Preise und Varianten im Überblick

Ein Schnäppchen ist der CLA übrigens nicht, die von uns getestete Variante 250+ startet als Shooting Brake zu Kursen ab rund 45.378 Euro (alle Preise netto). Für den fixen 350 4Matic möchte der Hersteller sogar 49.219 Euro sehen. Wem ultraschnelles Laden und hohe Motorleistung nicht so wichtig sind, bekommt den Zweihunderter mit 58 statt 85 kWh Stromspeicher (dann LFP) zum Tarif von etwas mehr als 40.336 Euro. Wer nicht elektrisch fahren möchte, bekommt in Kürze auch die Hybridvarianten analog zur Limousine.
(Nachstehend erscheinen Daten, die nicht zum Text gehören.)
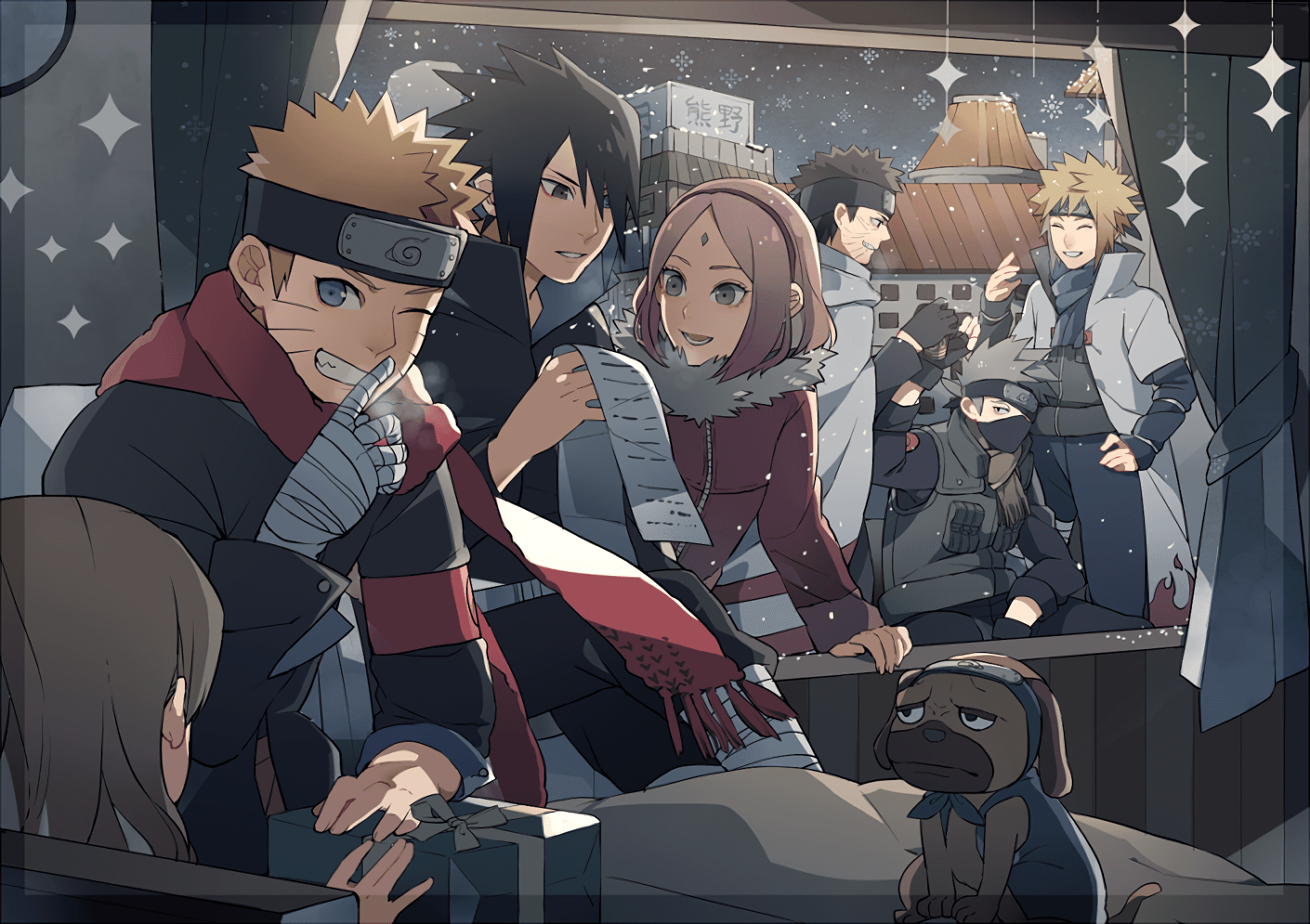 کیپشن: "Uzumaki Naruto - طاقت جو پیمائش سے باہر ہے" وال پیپر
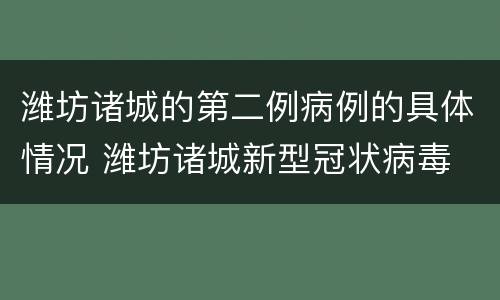 潍坊诸城的第二例病例的具体情况 潍坊诸城新型冠状病毒
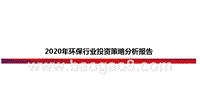 2020年环保行业投资策略分析报告.pptx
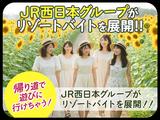 株式会社JR西日本キャリア-Resort_M060-①のアルバイト写真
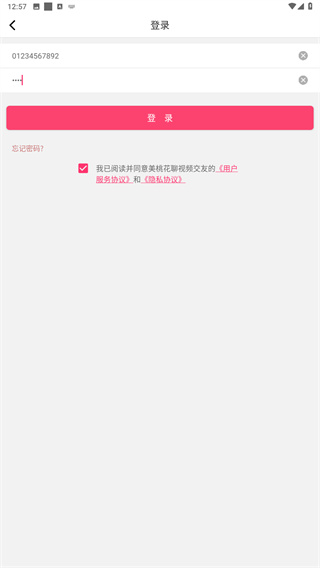 美桃花聊视频交友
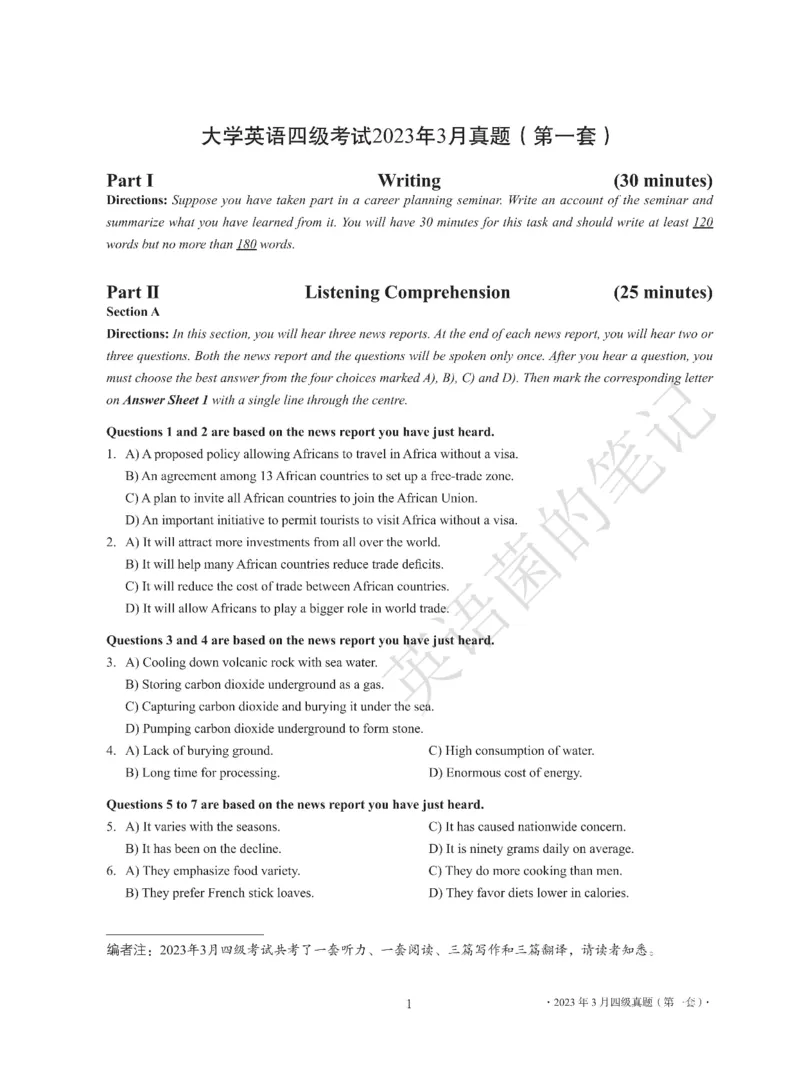 2023年03月四级真题全3套可复制可划线查词_历年英语四六级真题+解析合集2015-2023.6_2023年3月CET4真题+解析+听力音频全3套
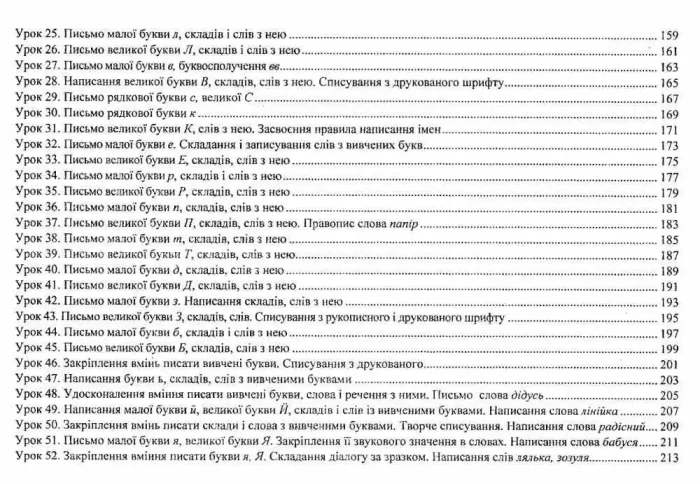 Українська мова. Буквар. 1 клас. Розробки уроків. 1 семестр (до підручн. Н. Кравцової, О. Придаток) - Зображення 4
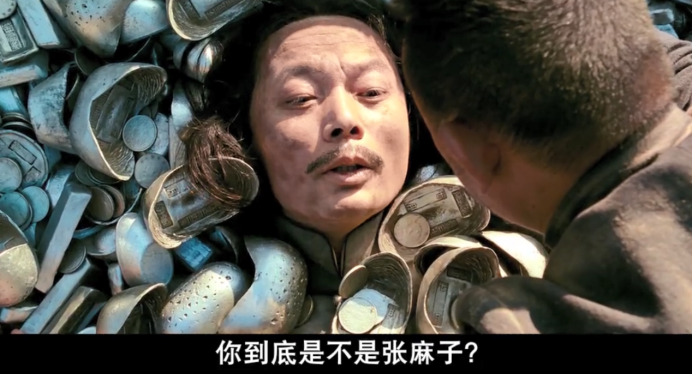 如果说马邦德并没有死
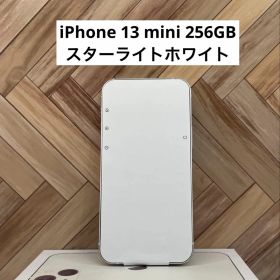 iPhone 13 mini 256GB スターライトホワイト SIMフリー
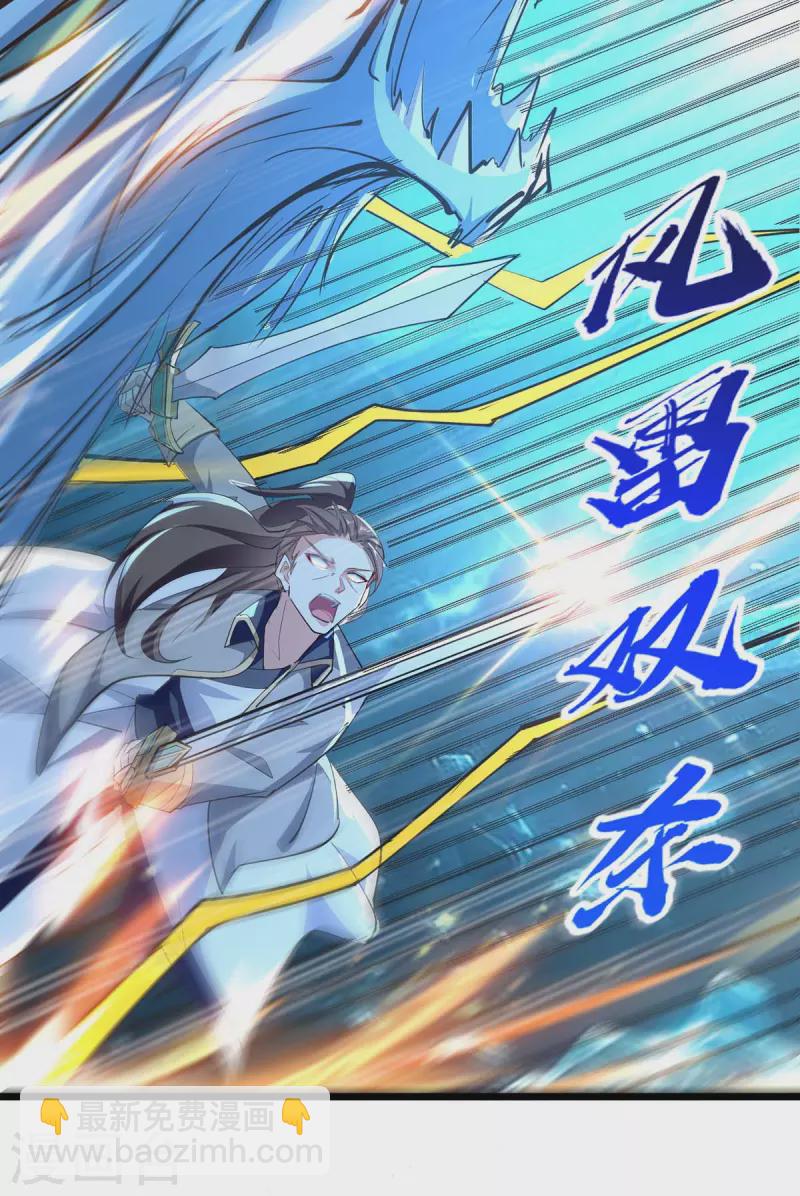 第237话 来而不往非礼也-第238话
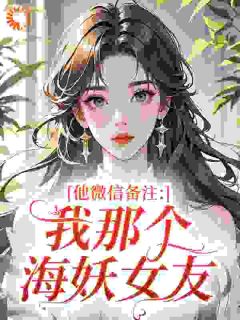 （全本）别叫我海妖，我只个打鱼的主角陆晚舟秦沐川全文目录畅读-二筒文学网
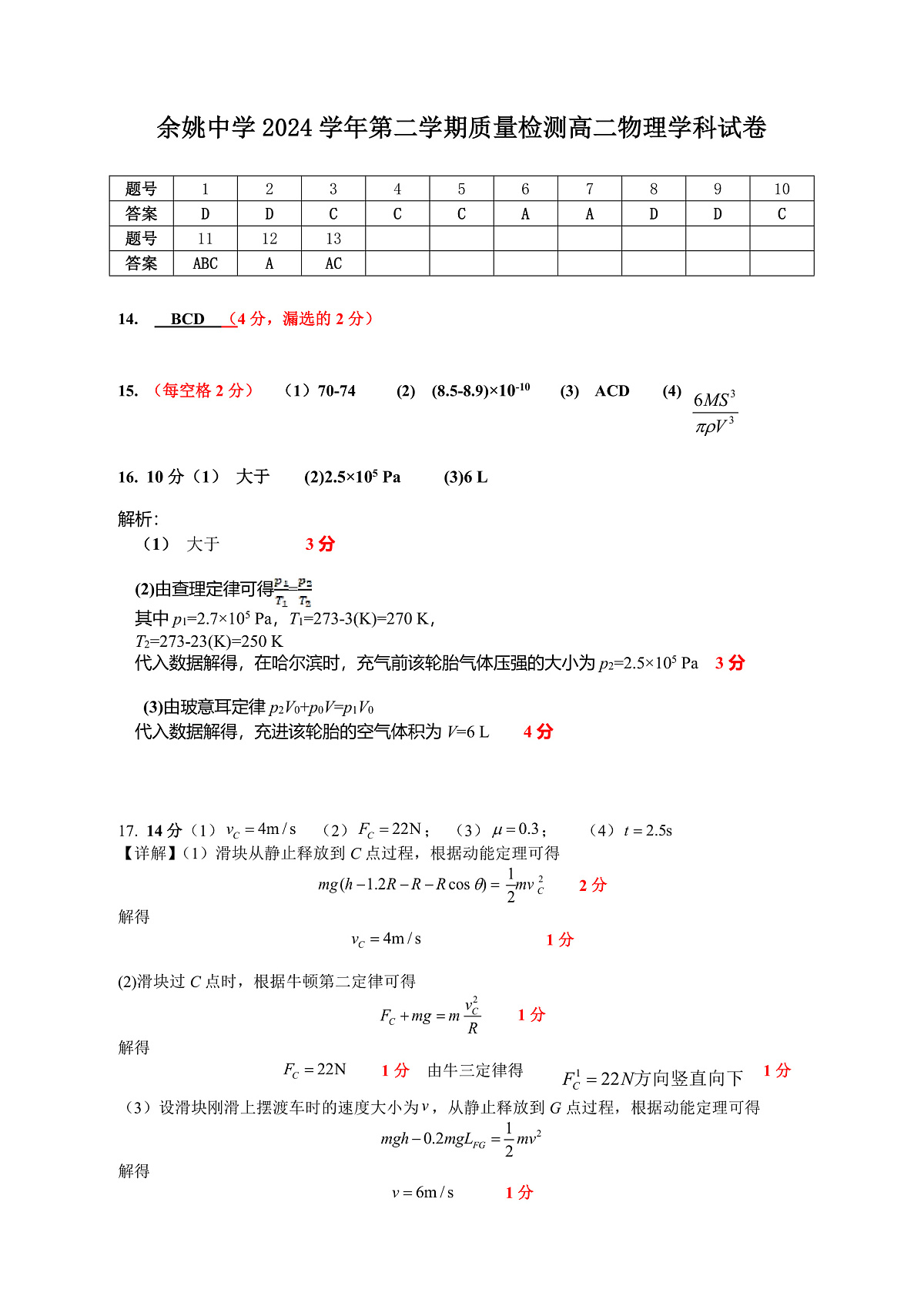 余姚中学2024学年第二学期质量检测高二物理学科试卷答案第1页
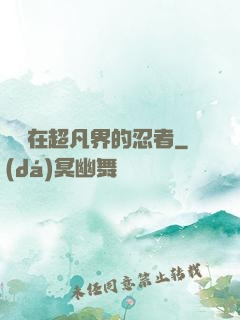 縱橫在超凡界的忍者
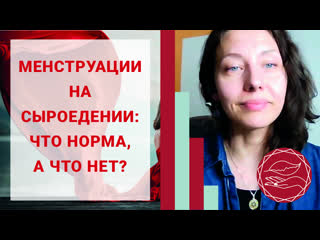 video сыроедение и месячные sex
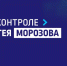 Медицина в Астраханской области становится качественнее и доступнее - ГТРК Лотос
Mercedes CLA Shooting Brake – Technische Daten

Kompakt-Kombi, Länge: 4,72 Meter, Breite: 1,86 (2,02 mit Außenspiegel) Meter, Höhe: 1,47 Meter, Radstand: 2,79 Meter, Kofferraumvolumen: 455 bis 1.290 Liter

CLA 200 EQ SBPermanenterregte Synchronmaschine, 165 kW/224 PS, maximales Drehmoment: 335 Nm, Zweigang-Automatik, Hinterradantrieb, 0-100 km/h: 7,6 s, Vmax: 210 km/h, Durchschnittsverbrauch: 12,8 kWh/100 km (WLTP), Reichweite 525 km bei 58 kWh Stromspeicher, Ladezeit von 10 bis 80 Prozent: 20 Min., Ladeleistung: 200 kW, Preise: ab 40.544 Euro

CLA 250+ EQ SBPermanenterregte Synchronmaschine, 200 kW/272 PS, maximales Drehmoment: 335 Nm, Zweigang-Automatik, Hinterradantrieb, 0-100 km/h: 6,8 s, Vmax: 210 km/h, Durchschnittsverbrauch: 12,7 kWh/100 km (WLTP), Reichweite 768 km bei 85 kWh Stromspeicher, Ladezeit von 10 bis 80 Prozent: 22 Min., Ladeleistung: 320 kW, Preise: ab 45.581 Euro

CLA 350 4Matic EQ SBZwei permanenterregte Synchronmaschinen, 260 kW/354 PS, maximales Drehmoment: 515 Nm, Zweigang-Automatik, Hinterradantrieb, 0-100 km/h: 5,0 s, Vmax: 210 km/h, Durchschnittsverbrauch: 13,2 kWh/100 km (WLTP), Reichweite 743 km bei 85 kWh Stromspeicher, Ladezeit von 10 bis 80 Prozent: 22 Min., Ladeleistung: 320 kW, Preise: ab 49.219 Euro

Mercedes CLA Shooting Brake – Kurzcharakteristik

Warum: weil das Auto schnell lädt und effizient ist

Warum nicht: weil der Kofferraum im Verhältnis zur Größe etwas klein ist

Was sonst: Alternativen außerhalb des Premiumsegments wäre der Opel Astra ST als Kombi mit großem Kofferraum oder auch der Kia Ceed Sportwagon. Elektrische Kombis sind bisher noch rar.